The cover of “Sutton Tales,” written by Falmouth resident Larry Dyhrberg and published this year. Contributed / Larry Dyhrberg
Falmouth resident Larry Dyhrberg’s new novel is not about Westbrook, Maine. Not specifically, at least.
“Well, it is a novel set in a mill town in Maine, which, if you grew up as I did in Westbrook, you would think looked quite a bit like Westbrook,” said Dyhrberg.
“Sutton Tales” follows two main characters in the fictional mill town of Sutton from the 1920s through 1960s, exploring life in a small Maine community and the larger politics and history of influence. It was published this year with Maine Authors Publishing.
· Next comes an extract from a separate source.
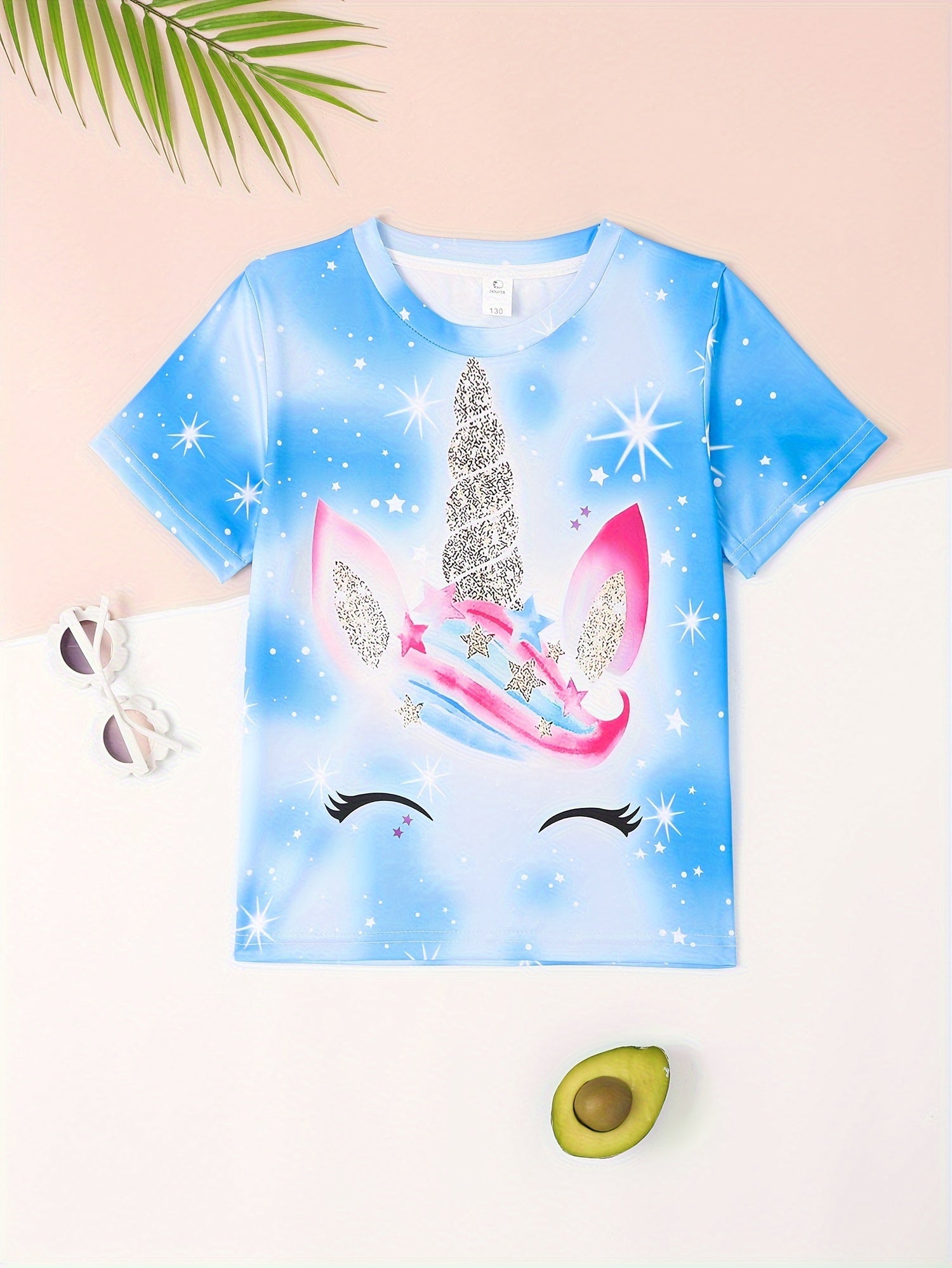 Tie Dye Unicorn Print Short Sleeve T shirt Girls Comfy Tees Pullover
The first storyline is that of Hélène Honoré Levesque, a Franco-American girl growing up in Sutton in the 1920s and through the Great Depression. Over the years, she experiences the impacts of economic hardships and labor unions on the mill and its community and faces the challenges of Quebecois integrating into Anglo-American society.
The second thread of the novel follows a young Gilbert Jenkins in grade school in the 1950s. As Sutton grapples with communism and the Red Scare, the fear of atom bombs and new ideas of race relations, Gilbert encounters a mill town and America already so different from Hélène’s childhood. At the end of the novel in 1961, the two characters cross paths.
“It’s told from a kid’s point of view. But it’s also dealing with the deep national and international issues that were going on at the same time,” said Dyhrberg.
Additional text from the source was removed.